Below are entries. Give back exactly the lines from the one containing "Thava Darushanade Song - QR Code" through the one containing "Folheto AUCHAN Sa&uacute;de", inclusive, without the pictures.

- _Exercise input_:
┌──
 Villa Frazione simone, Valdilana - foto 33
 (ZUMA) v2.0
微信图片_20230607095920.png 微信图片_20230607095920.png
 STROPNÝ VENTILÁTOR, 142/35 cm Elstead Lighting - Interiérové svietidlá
└──
┌──
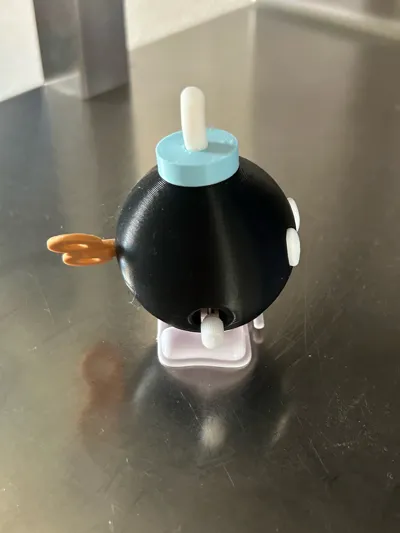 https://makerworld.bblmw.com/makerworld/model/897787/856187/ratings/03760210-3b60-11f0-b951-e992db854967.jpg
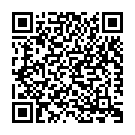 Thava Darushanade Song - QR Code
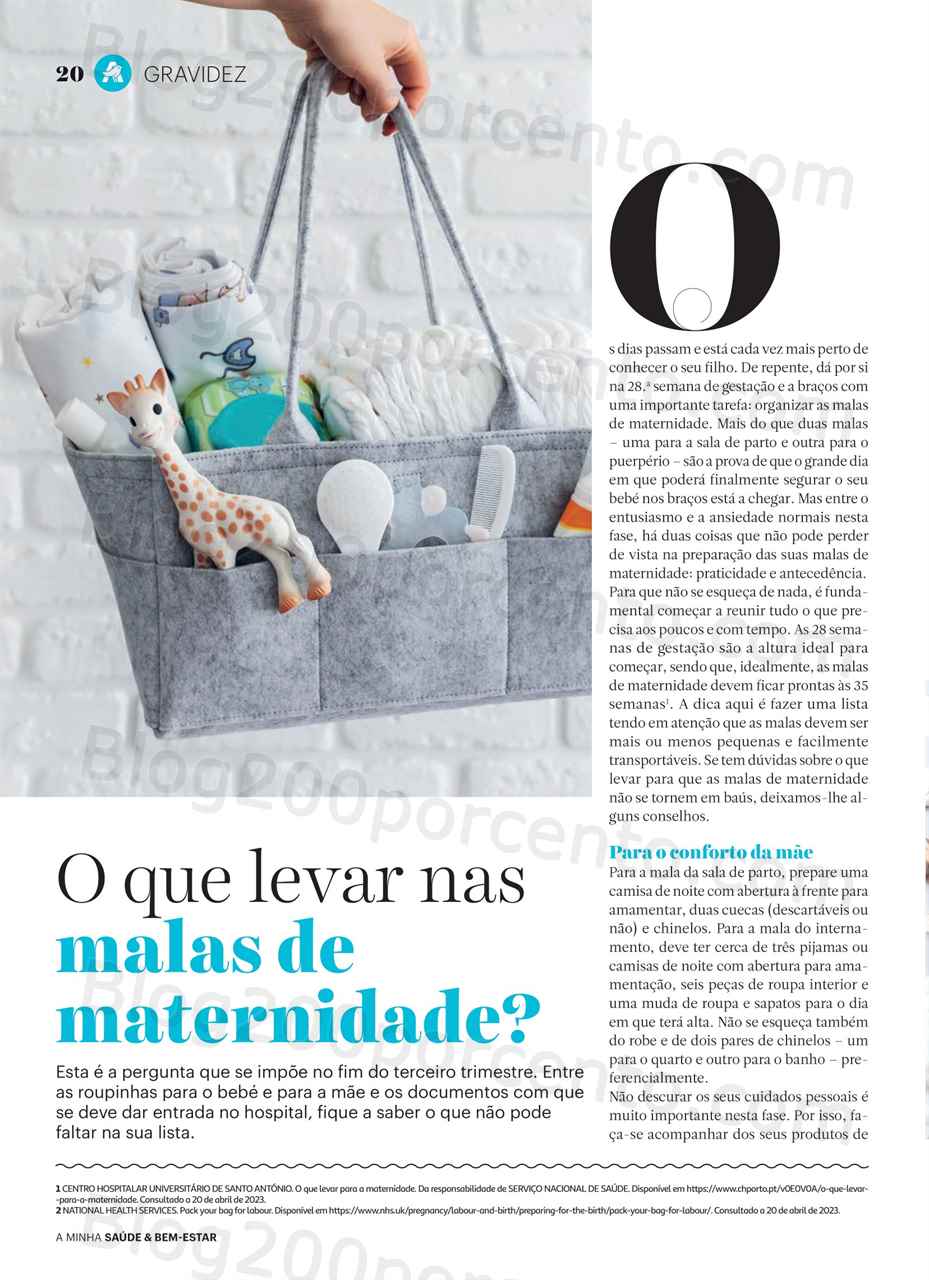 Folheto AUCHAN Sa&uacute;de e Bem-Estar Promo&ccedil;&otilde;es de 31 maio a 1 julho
└──
- _Solution to the exercise_:
 Thava Darushanade Song - QR Code
 Folheto AUCHAN Sa&uacute;de e Bem-Estar Promo&ccedil;&otilde;es de 31 maio a 1 julho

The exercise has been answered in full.